After two reboots the Dell support center software came up and asked me if I wanted to periodically sendmy data to Dell – I don’t think so! However this led to a page to download various drivers and updates etc. I was pleased to see that the BIOS didn’t need updating – mine was shipped with 1.0.12 (that came out on 3/17/2008). At a quick glance it doesn’t look like anything else needs updating – however about 20 minutes later the Dell alerts gave me tips about turning on the firewall (already was), deleting the temp files etc etc. One of the links was the Vista Readiness test. This machine failed due to the graphics – it only has the built in graphics card so no surprises there really.

At this point I installed synergy so I only had to use one mouse and keyboard to update the computer and post this blog entry

The Flash player was next to be updated, again this was prompted in the Dell alerts, but no alerts about the old version of Quicktime or Adobe Reader that was preinstalled.

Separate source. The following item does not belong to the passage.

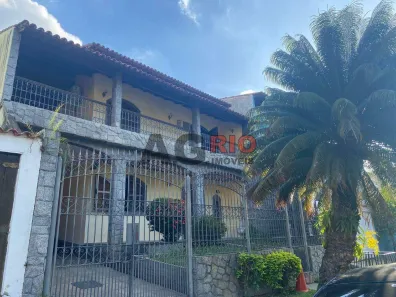 Casa com 4 Quartos à venda, 261m² no Vila Valqueire, Rio de Janeiro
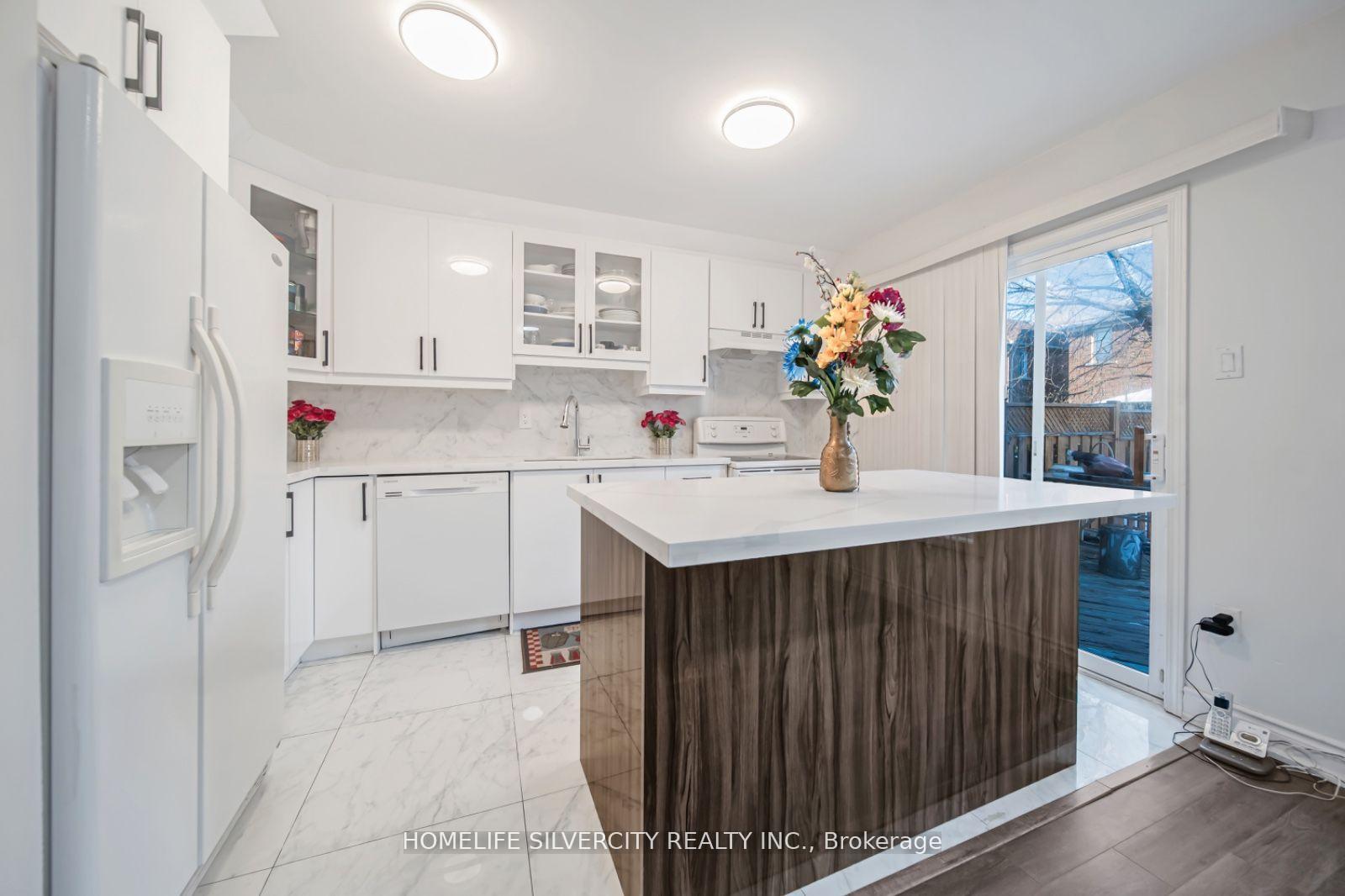 Photo 6 of 63 Olympia Crescent, Brampton, Fletcher's Meadow — HOMEH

Dreamhost one click installs.

I don’t know if they’ve already had it but I noticed that Dreamhost now has an option in their one click installation routines that has a setting to email you whenever a new version comes out – this is great to ensure that you are aware of any new security patches. As they are one click installations it is very easy to upgrade the software but you do have to bear in mind that they may not have a new version as soon as it is released (although apparently their WordPress 2.5 came out hours after the official release).

Virtual Server for home use.

Thanks to a tip off from Ed Bott, I have ordered a nice Dell Dimension 2.4 GHz quad-core CPU (Intel Q6600), 3GB of RAM, and a 500GB drive, for $499 although I paid an extra $20 to get Windows XP Pro. I wanted to get the 64 bit version but Dell won’t sell it to me so I’d have buy the media which is going to be expensive or put my Vista or Windows2008 server software on to host my vm’s. Hopefully this machine will have enough processor and memory to allow me to run at least a couple of vm’s at the same time so I can get more experience in W2k8. At this price it was very tempting to buy a few of these machines but I restrained myself to just one. This is going to be used purely for work and training purposes so I should be able to deduct it in my taxes next year too which is an added bonus.